We are a city that likes to move fast. When our highways are clear, drivers often speed beyond the posted limit, weaving in and out of lanes trying to gain a few feet or shave a few seconds off a trip. This behavior leaks onto our local roads, many of which are so wide that they encourage higher speeds. Despite speed limits of 30 miles per hour on our local streets, drivers go at least 40, if not faster in some areas. This again bleeds into our neighborhood streets, where many drivers cut between thoroughfares in an attempt to get ahead of traffic.
This difference in speed is crucial. The faster we drive the smaller our field of vision and the deadlier our mistakes. In pedestrian-car accidents, the pedestrian is 17 times more likely to die if the car is traveling 40 mph instead of 20 mph.
We’ve all had close calls on the highways and on our streets. Whether it’s the driver speeding past you on the interstate, who seemingly paid no attention to the brake lights ahead, or the car flying through your neighborhood within a few feet of your playing child, it happens to all of us: we get angry. We might yell within the confines of our car or wave our fist or middle finger at the speeding neighborhood driver. But we often forget that fear and anger when we ourselves are behind the wheel. It’s easy to speed, to cut corners, to ignore the possible consequences. After all, everyone else is doing it.
Bikers and pedestrians are not blameless, of course. They too must continue to pay attention to their surroundings. Bikers, myself among them, must follow traffic signals and also respect the rights of pedestrians. Far too often I see bikers riding on the wrong side of the road or traveling against traffic to avoid a slight detour. Not stopping at stops signs or not waiting for stoplights to change are likewise common behaviors. While there is debate over whether or not there should be separate rules for cyclists in such situations, for now, drivers don’t expect that behavior, making it more dangerous. In crowded pedestrian areas, bikers often fail to yield to pedestrians. A bike-pedestrian collision is far less likely to be fatal, but it can still be damaging for both parties.
But, in the end, blaming pedestrians and bicyclists for accidents on streets built for the car is misdirected. As I wrote last week, our streets are designed for cars, with pedestrians and bicyclists as afterthoughts. Only one set of actors is in control of a speeding ton of vehicle. Only one set of road users can travel in excess of 30 miles per hour.
What we miss when we speed through our cities is the chance to connect with one another at human level. The goal of getting to our destinations 5 minutes faster, finding the right route on Waze, or shooting down a neighborhood street to avoid a bottleneck, turns the spaces in between our destinations into blurs. If the world we pass through becomes little more than backdrop, so do the lives of those using it.
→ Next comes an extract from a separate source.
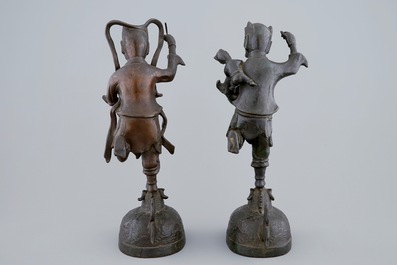 Een paar Chinese bronzen mythologische figuren, Ming Dynastie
All three of Houston’s plans call on us to change this calculus. They ask us to make streets safer for all users, of course, but more than that, they urge us to take notice of one another as we move through the city.
The plans all provide tangible suggestions for how we can achieve these goals. The draft bike plan calls for routes that cyclists of all levels can use comfortably. Vision Zero campaigns for roads built for slower speeds. Plan Houston seeks to make safer and healthier neighborhoods and a city that connects people. I hope that each of these goals can be achieved. We’d all benefit.
Back to the sign on Mandell Street. I don’t want us to have to write notes of apology for close calls. More importantly, I want us to avoid the pain and suffering of fatal accidents — moments where apologies cannot be given. I want to be safe on our roads. I want my child and partner to be safe. I want you and your family to be safe.
I hope that the driver of the blue car means what she said, that she’ll be more careful next time. I hope that we can all take that message to heart as we go onto the road next. But also I hope we take action as a city to ensure that we more clearly see and protect one another. We’ve got several plans before us now that provide an opportunity to pursue this goal. I hope we take them.